What needs to be done :: Go through the listing and set it down exactly, leaving out its pictures.

Collected material ::
···

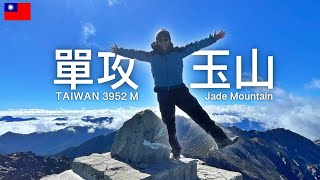 單攻玉山 過程及行前需知 Yu Shan | Jade Mountain Taiwan 台灣登山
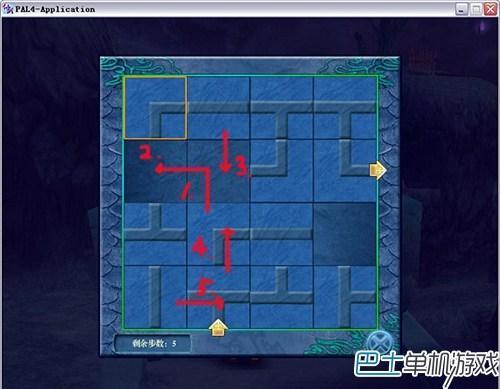 仙剑4攻略图文攻略(仙剑4打攻略)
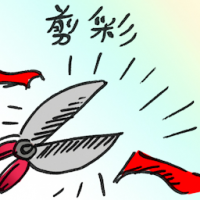 剪彩 cut the ribbon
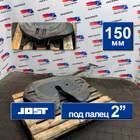 1353631 Седло JOST 150 мм для Daf XF105 (с 2005)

···

Response ::
 單攻玉山 過程及行前需知 Yu Shan | Jade Mountain Taiwan 台灣登山
 仙剑4攻略图文攻略(仙剑4打攻略)
 剪彩 cut the ribbon
 1353631 Седло JOST 150 мм для Daf XF105 (с 2005)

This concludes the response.